* Your goal: Under this line sits a listing. Repeat exactly and only its lines from the one holding "深耕教研累經(jīng)驗" through the one holding "CUCCOO DOLLMOD Damskor"; skip pictures.

* Stored data:

══════════════════════════════

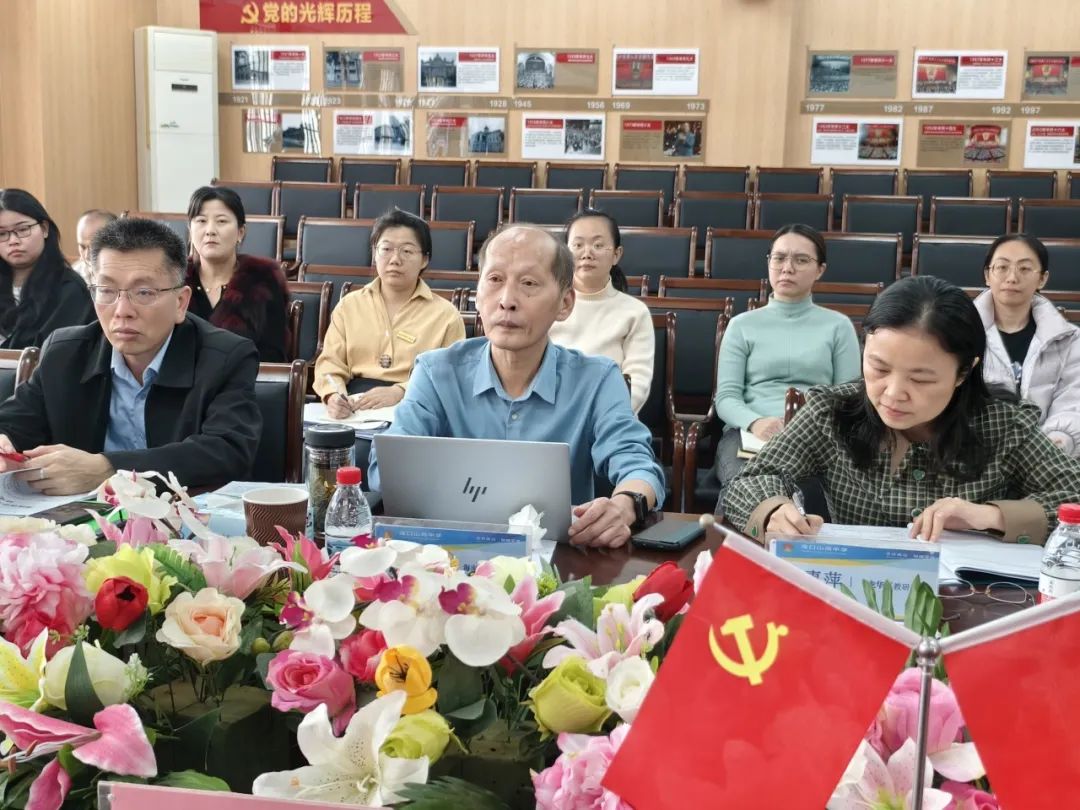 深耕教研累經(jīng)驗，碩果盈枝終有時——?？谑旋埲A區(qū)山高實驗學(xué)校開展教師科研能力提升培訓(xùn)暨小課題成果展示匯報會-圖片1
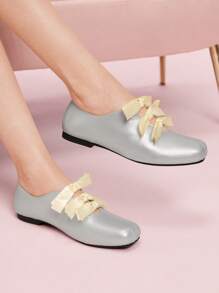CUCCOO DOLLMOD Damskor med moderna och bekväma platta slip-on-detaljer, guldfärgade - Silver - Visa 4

══════════════════════════════

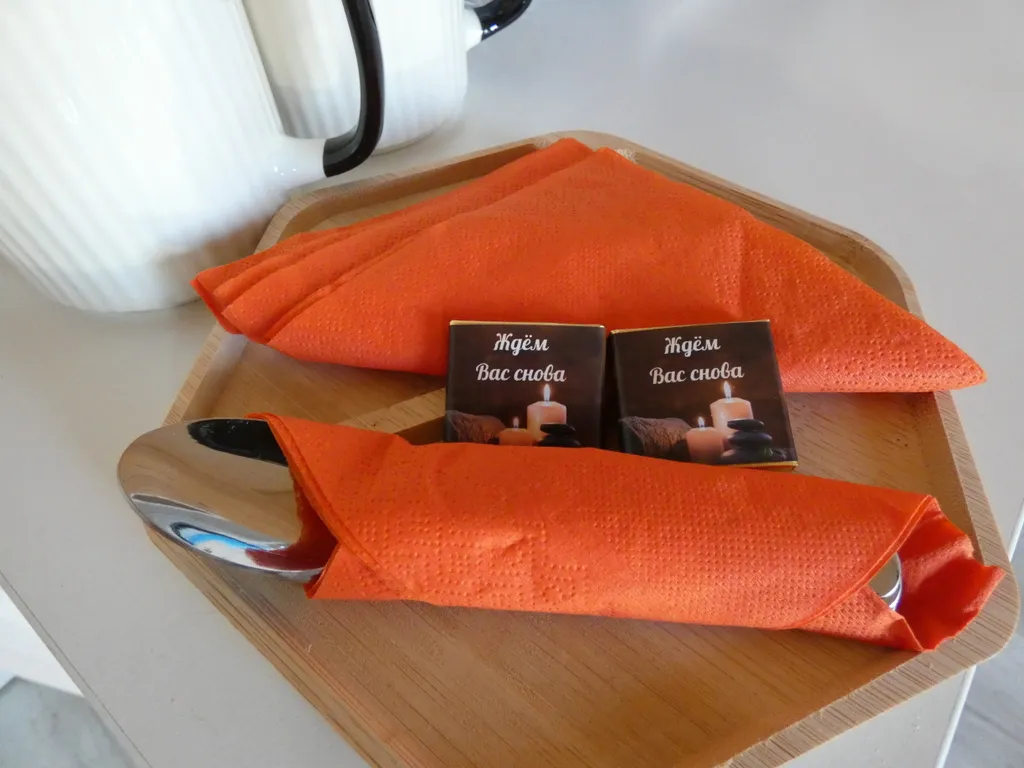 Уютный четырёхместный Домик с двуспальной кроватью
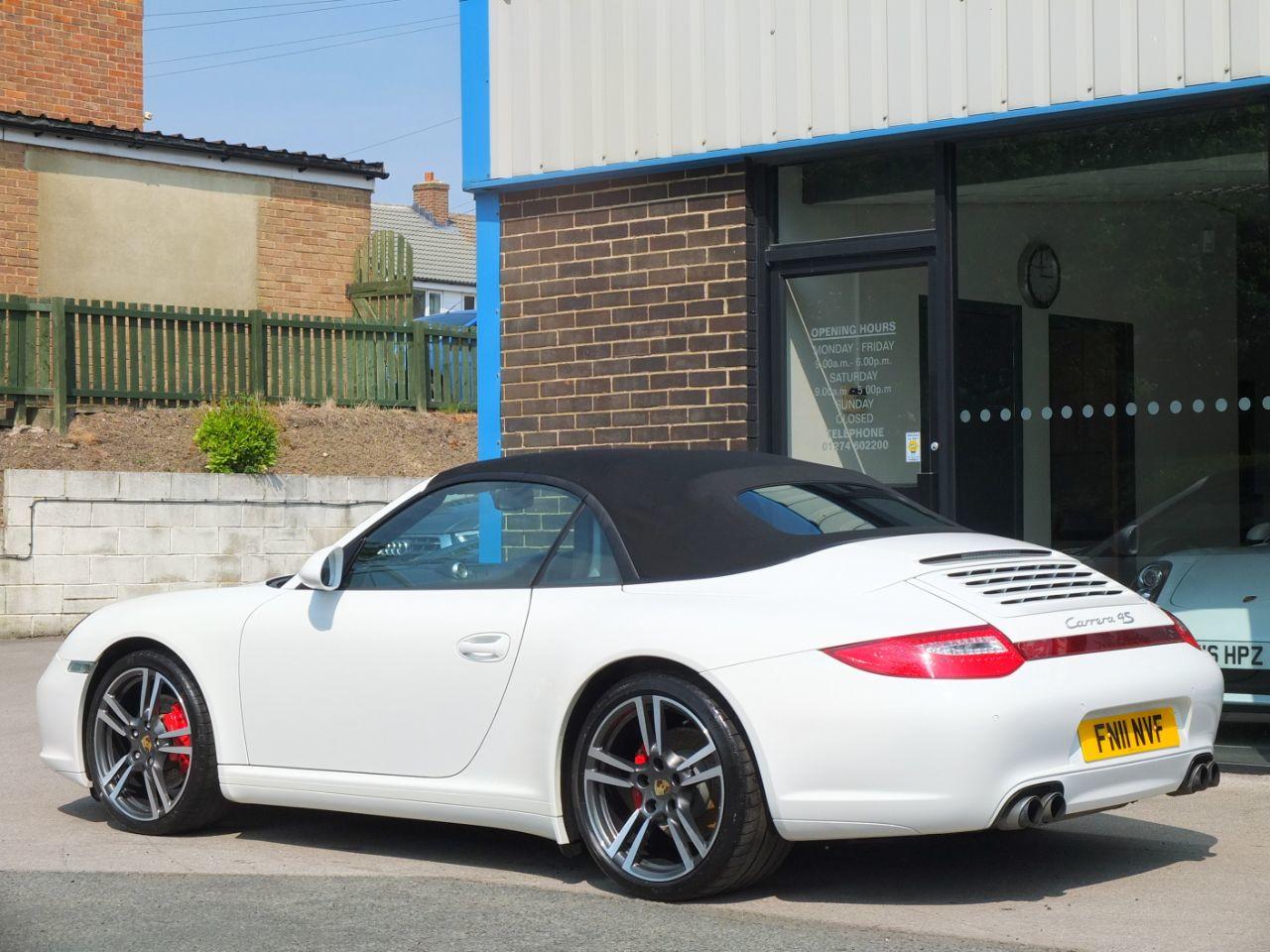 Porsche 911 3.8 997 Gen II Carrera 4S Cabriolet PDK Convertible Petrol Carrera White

══════════════════════════════

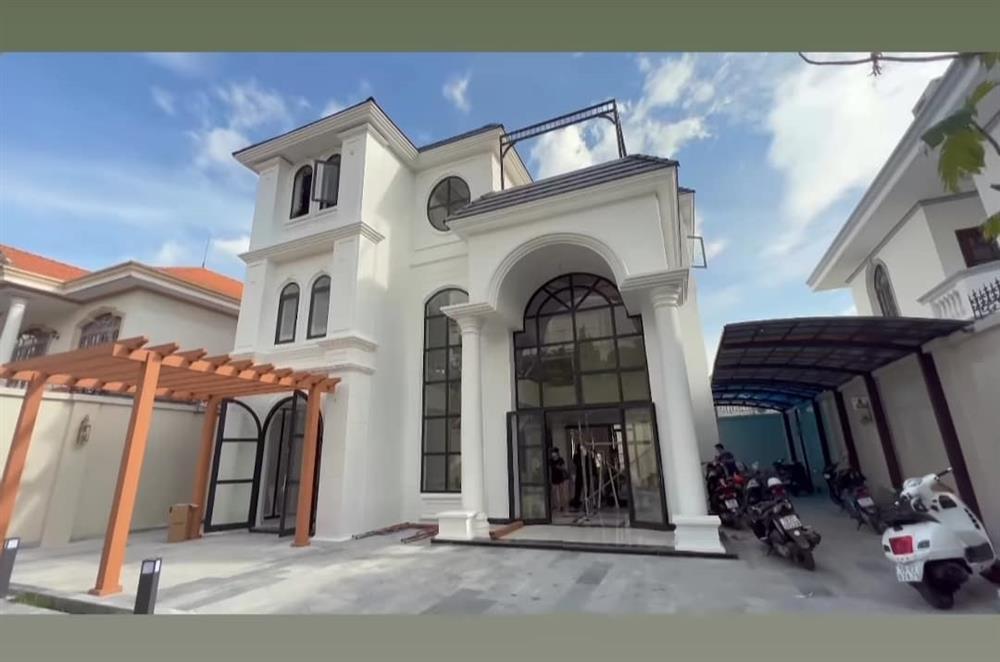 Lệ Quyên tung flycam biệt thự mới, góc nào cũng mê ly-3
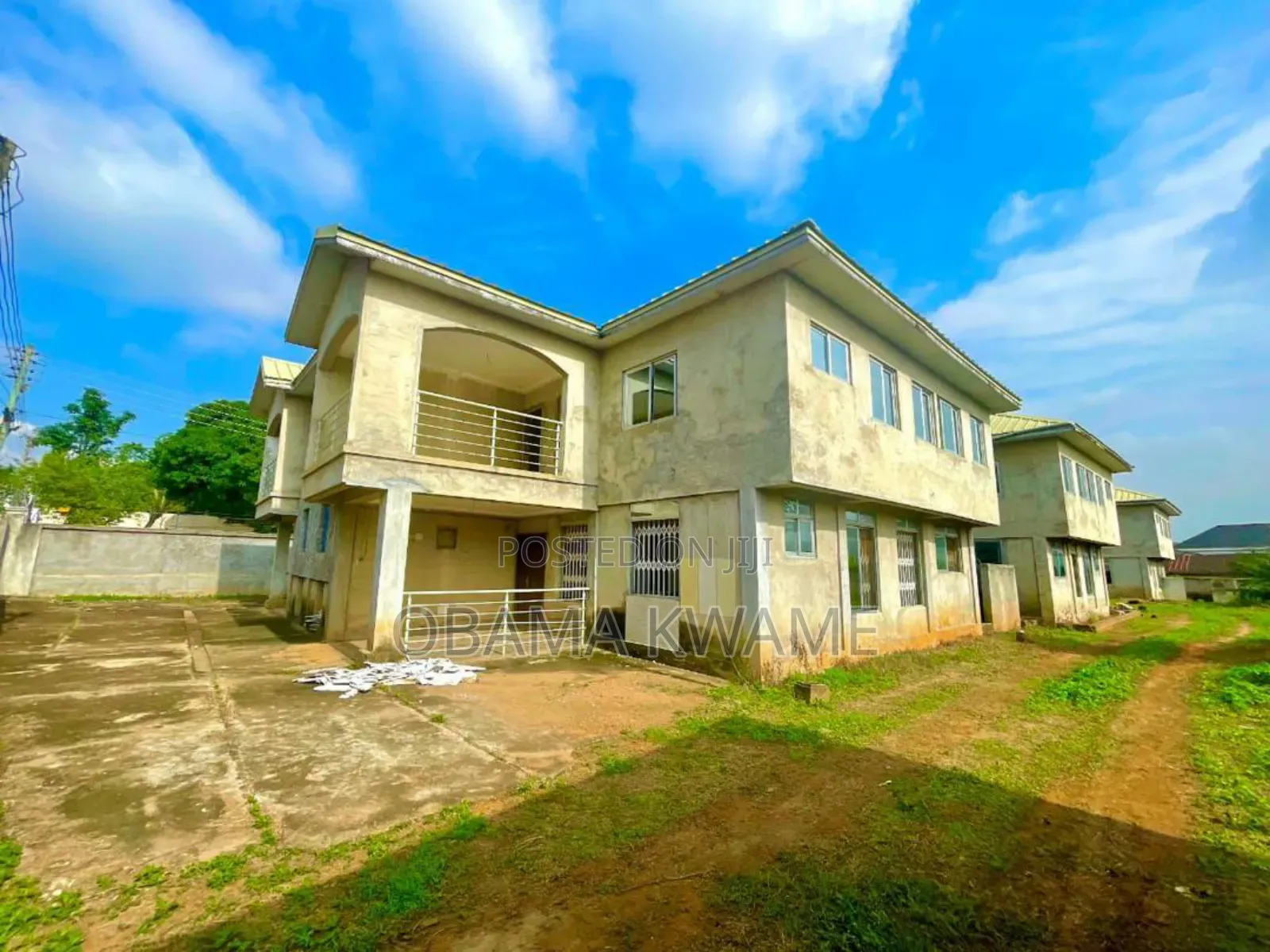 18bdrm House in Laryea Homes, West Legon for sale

══════════════════════════════

* Result for this exercise:
 深耕教研累經(jīng)驗，碩果盈枝終有時——?？谑旋埲A區(qū)山高實驗學(xué)校開展教師科研能力提升培訓(xùn)暨小課題成果展示匯報會-圖片1
CUCCOO DOLLMOD Damskor med moderna och bekväma platta slip-on-detaljer, guldfärgade - Silver - Visa 4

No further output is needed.